Oxidation half-reaction:
Fe2+(aq) --> Fe3+(aq)
Reduction half-reaction:
Cr2O72-(aq) --> Cr3+(aq)
3. Balance the atoms other than oxygen and hydrogen in each half-reaction. In the oxidation half-reaction, there is only one atom on each side, so it is already balanced. In the reduction half-reaction, we have:
Cr2O72-(aq) --> 2Cr3+(aq)
4. Balance the oxygen atoms by adding water (H2O) molecules to the side that needs them. In the reduction half-reaction, we have seven oxygen atoms on the left side, and we need to balance it to three on the right side. Therefore, we add four water molecules to the right side:
Cr2O72-(aq) + 4H2O(l) --> 2Cr3+(aq)
5. Balance the hydrogen atoms by adding hydrogen ions (H+) to the side that needs them. In the reduction half-reaction, there are 8 hydrogen atoms on the left side, and we need to balance it on the right side. Therefore, we add 8 hydrogen ions to the left side:
Cr2O72-(aq) + 4H2O(l) + 8H+(aq) --> 2Cr3+(aq)

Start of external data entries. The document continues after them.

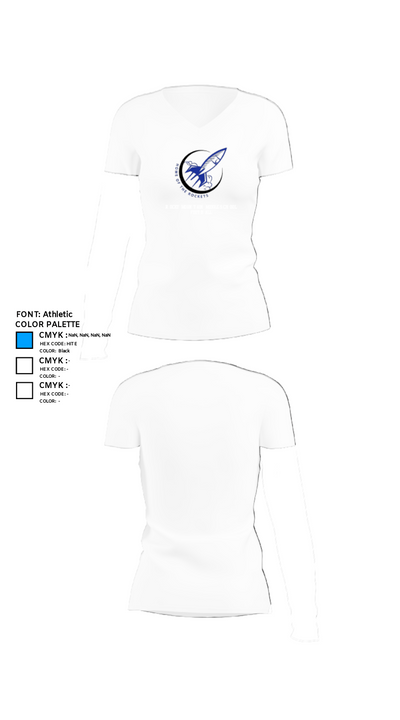 Rocky Mountain Middle School Football 60306289 Women's Short Sleeve V-neck Shirt - 18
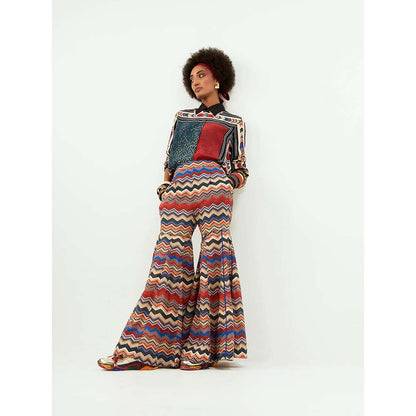 Aseem Kapoor Multi Colour Atri Shirt with Sharara (Set of 2)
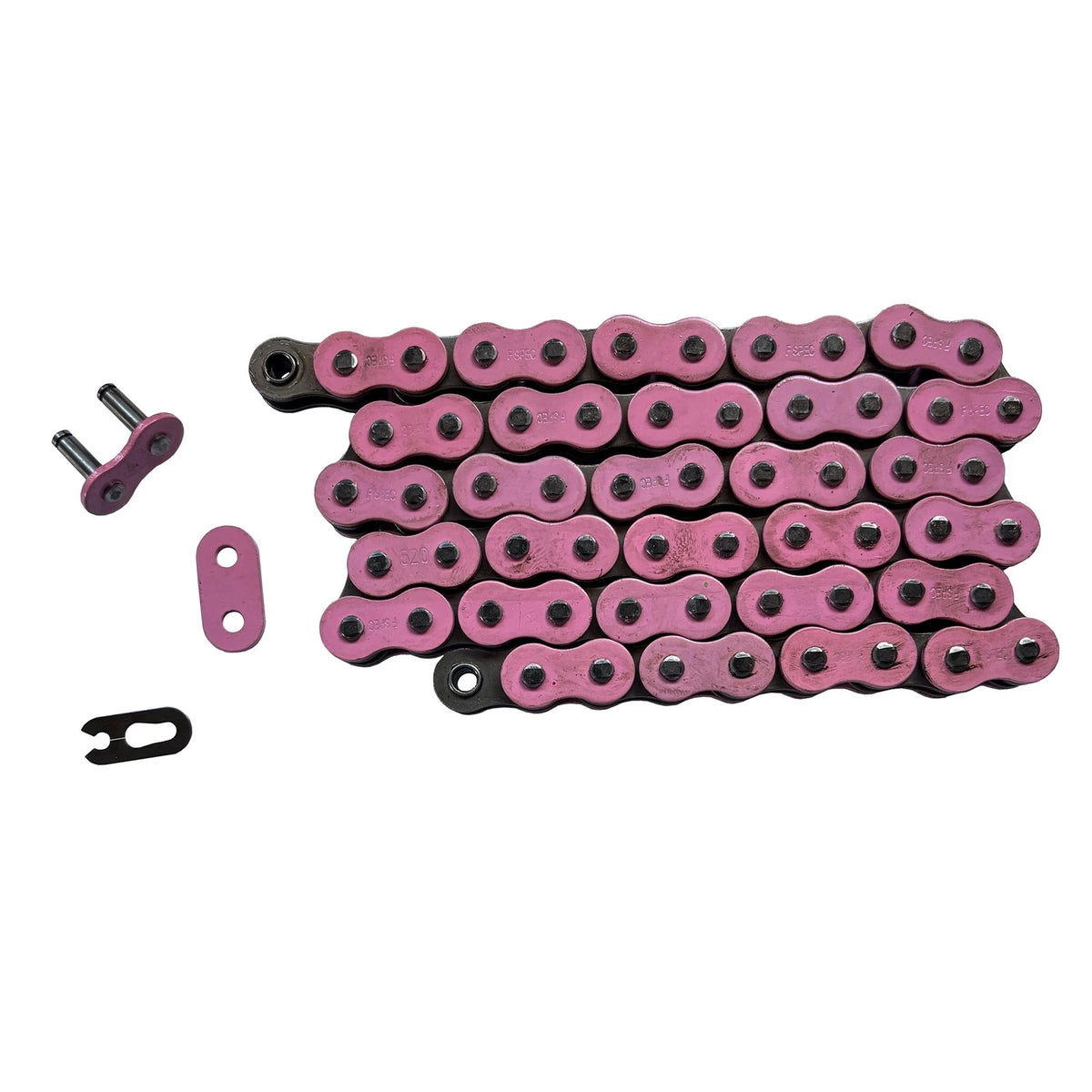 2X Pink 520x60 Non O-Ring Drive Chain for Polaris RZR 170 & 170 EFI (2009–2021) FS-520-NZP-60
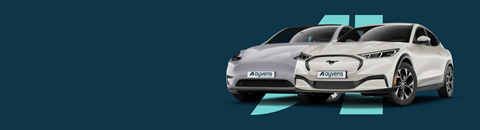 Ayvens Comparison header Tesla Model Y vs Mustang Mache2x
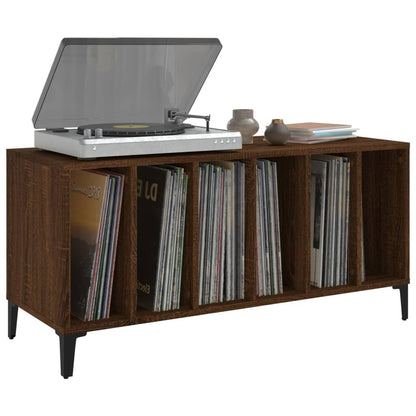 vidaXL Plattenschrank Braun Eichen-Optik 100x38x48 cm Holzwerkstoff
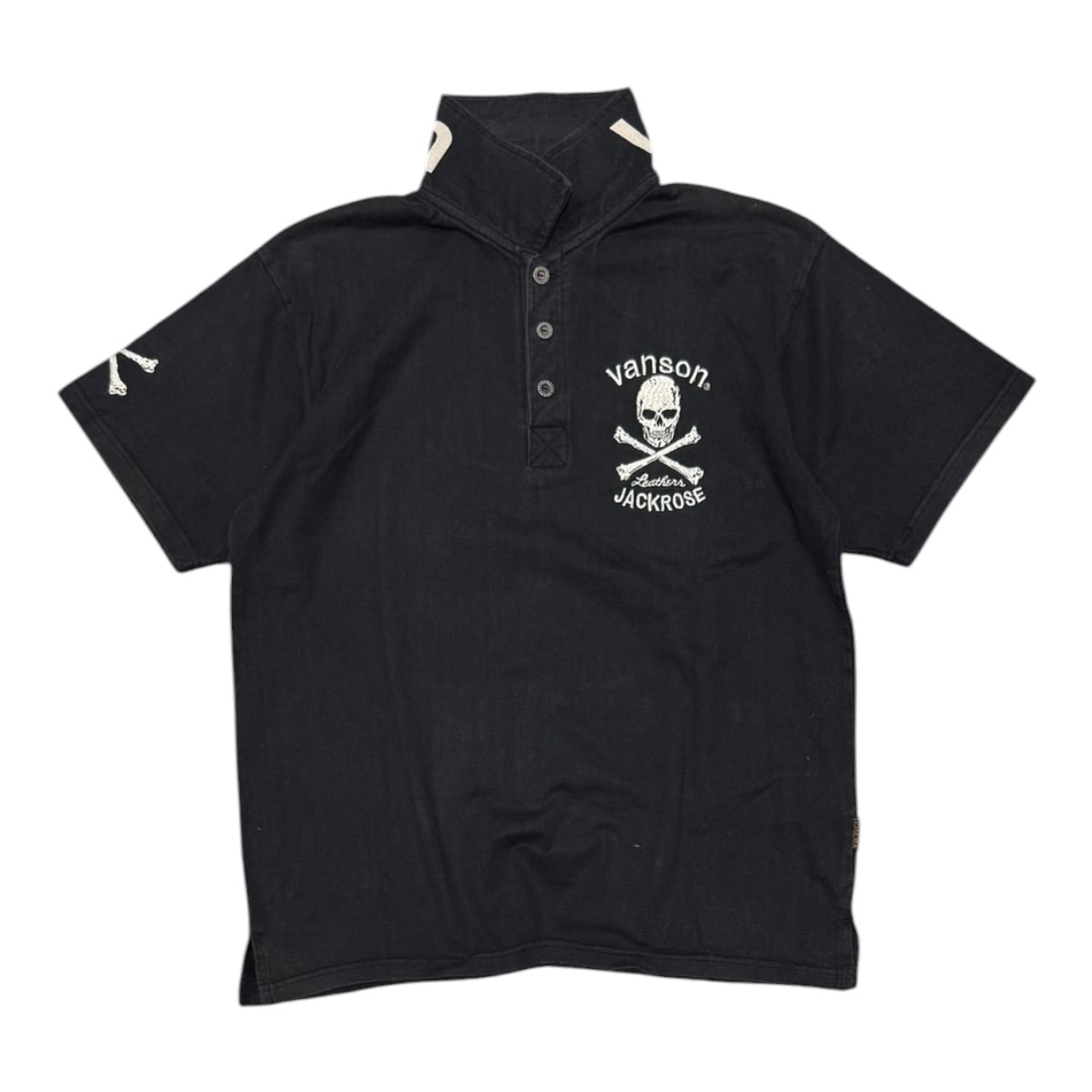 000’s Jackrose X Vanson Skull Polo (M)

6. Now, let's determine the number of electrons transferred in each half-reaction. In the oxidation half-reaction, Fe2+ loses one electron to become Fe3+, so the number of electrons lost is 1. In the reduction half-reaction, each Cr3+ ion is formed from one Cr2O72- ion, which requires 6 electrons. Therefore, the number of electrons gained is 6.
7. To balance the electrons, multiply the oxidation half-reaction by 6 and the reduction half-reaction by 1:
6Fe2+(aq) --> 6Fe3+(aq)
Cr2O72-(aq) + 4H2O(l) + 8H+(aq) --> 2Cr3+(aq)
8. Combine the half-reactions and cancel out the common species on both sides:
6Fe2+(aq) + Cr2O72-(aq) + 4H2O(l) + 8H+(aq) --> 6Fe3+(aq) + 2Cr3+(aq)
Now, the redox reaction is successfully balanced.